Extracted data entries
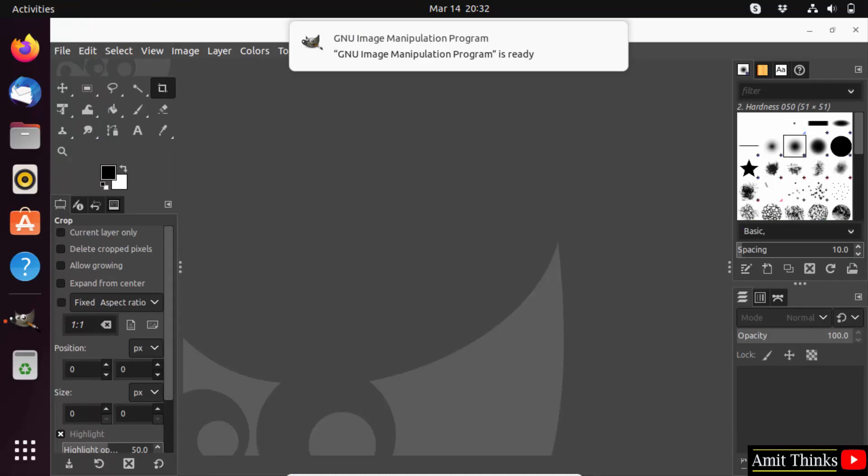So guys, in this video we saw how we can easily install GIMP on Linux. Thank you for watching the video.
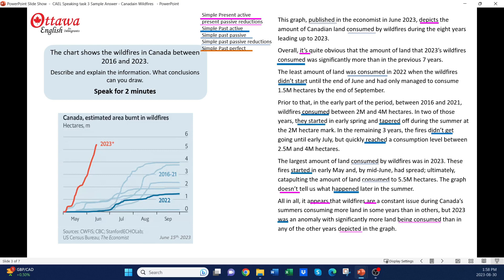The only other tense I've used is the past perfect to show the sequence of two past actions — in other words, the fires that occurred before September 2022, and the spread that happened before mid-June in 2023.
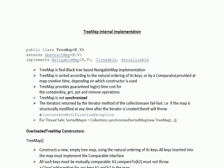TreeMap provides the guaranteed log(n) time cost for methods like containsKey, get, put, and remove operations.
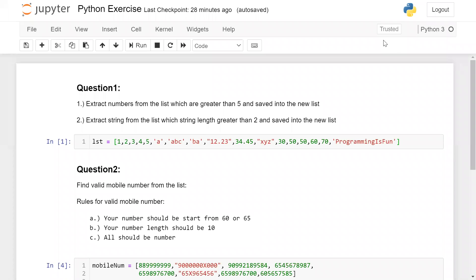Here the first question is extract number from the list which are greater than 5, and all these numbers you need to save in a separate list. And part 2 is extract string from the list which string has length greater than 2. This list is also saved into a separate list.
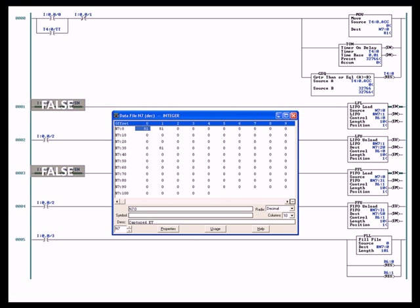When the timer reaches 32,766, the greater than or equal to instruction is true and it resets T4:0. Therefore T4:0 will never overflow. It will just continually increment or accumulate from zero to 32,766, reset back to zero and do that continuously as long as the rung is true.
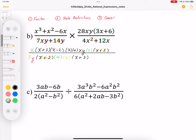Before I start cancelling, I'm going to state my restrictions. x is not equal to 0, negative 2, and negative 3 — that comes from here, here, and here. And y is not equal to 0 from this restriction here. So I've taken care of all the denominator factors and stated restrictions for those.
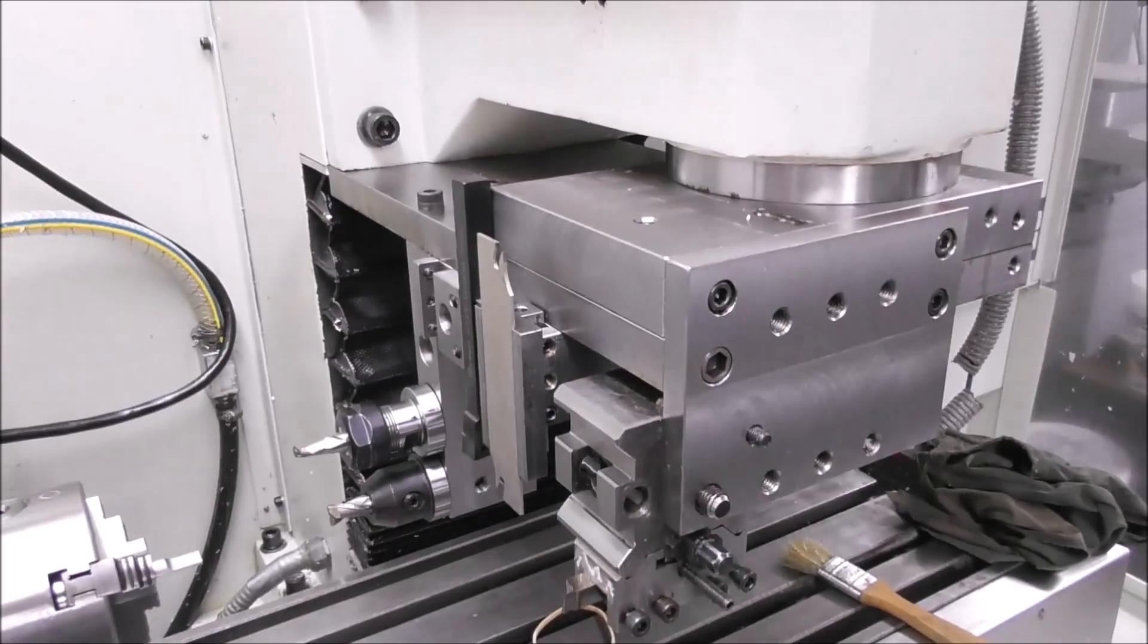G'day, it's Cliff from Down Under. In this series, Rapid Turn Setup and Run, we're going to get into setting up the tool offsets.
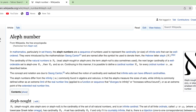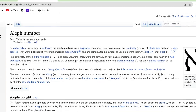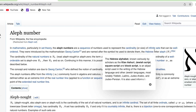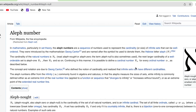Hey guys, welcome back to another video and today we're talking about our famous Aleph numbers. In mathematics, particularly in set theory, the Aleph numbers are a sequence of numbers used to represent the cardinality or size of infinite sets that can be well-ordered. They were introduced by mathematician George Cantor and are named after the Hebrew letter Aleph, the symbol he used to denote them.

• **EXERCISE**
The records above need to be copied exactly, with the pictures left out.

• **RESULT FOR THIS EXERCISE**
So guys, in this video we saw how we can easily install GIMP on Linux. Thank you for watching the video.
The only other tense I've used is the past perfect to show the sequence of two past actions — in other words, the fires that occurred before September 2022, and the spread that happened before mid-June in 2023.
TreeMap provides the guaranteed log(n) time cost for methods like containsKey, get, put, and remove operations.
Here the first question is extract number from the list which are greater than 5, and all these numbers you need to save in a separate list. And part 2 is extract string from the list which string has length greater than 2. This list is also saved into a separate list.
When the timer reaches 32,766, the greater than or equal to instruction is true and it resets T4:0. Therefore T4:0 will never overflow. It will just continually increment or accumulate from zero to 32,766, reset back to zero and do that continuously as long as the rung is true.
Before I start cancelling, I'm going to state my restrictions. x is not equal to 0, negative 2, and negative 3 — that comes from here, here, and here. And y is not equal to 0 from this restriction here. So I've taken care of all the denominator factors and stated restrictions for those.
G'day, it's Cliff from Down Under. In this series, Rapid Turn Setup and Run, we're going to get into setting up the tool offsets.
Hey guys, welcome back to another video and today we're talking about our famous Aleph numbers. In mathematics, particularly in set theory, the Aleph numbers are a sequence of numbers used to represent the cardinality or size of infinite sets that can be well-ordered. They were introduced by mathematician George Cantor and are named after the Hebrew letter Aleph, the symbol he used to denote them.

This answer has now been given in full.